Ma in azienda non si parlava sempre del valore dell’uomo, della passione che fa la differenza, dell’intuizione e del pensiero creativo? Ricordo che sin dagli albori del Lean Manufacturing, si insisteva sull’apporto delle persone, sull’introduzione di sistemi premianti per i suggerimenti dei dipendenti e su tutti i sistemi di coinvolgimento figli del Toyota Production System.

Mi rendo conto di aver colto nel segno e di avere per me tutta l’attenzione del mio interlocutore per cui gli rivolgo la domanda che mi ronza in testa dall’inizio del convegno.
“Ma se questo è davvero il futuro quale saranno i nostri obiettivi di domani? Quali saranno le competenze necessarie per svolgere al meglio il nostro ruolo in azienda? Potremmo ancora chiamarci capi del personale? Quanto le nostre Resources saranno human?”.
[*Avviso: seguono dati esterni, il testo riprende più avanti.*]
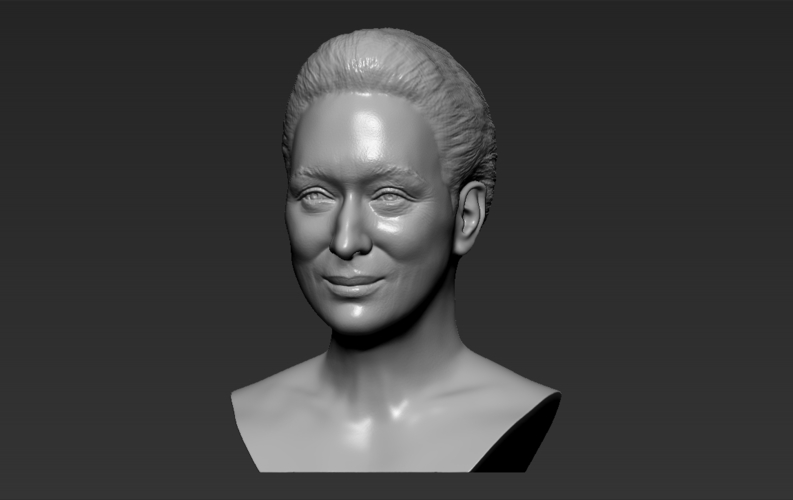Meryl Streep bust ready for full color 3D printing 3D Print 274848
Realizzo però in quell’istante che il mio interlocutore sinora mi ha ascoltato con grande interesse ma non ha proferito parola. Ha solo annuito in maniera convinta quando ho fatto riferimento alla mia teoria dell’evoluzione dell’industria che ha come tragica conseguenza l’involuzione dell’essere umano.

Nel frattempo è terminata la pausa caffè ed è giunto il momento di rientrare in sala. Mi rendo conto che, presi dall’arricchente scambio di opinioni, non ci siamo neppure presentati e dico il mio nome per rimediare.

“Mi chiamo Robert Charles” – mi risponde sorridendo – “ma può semplicemente chiamarmi Charlie”.

È con queste parole che mi sveglio di soprassalto sulla scomoda poltrona. Così esco dalla sala, ritiro il mio cappotto nel guardaroba e torno a casa, arricchito come mai dopo un convegno.

P.s. My pleasure, Mr Darwin. Ops, Charlie!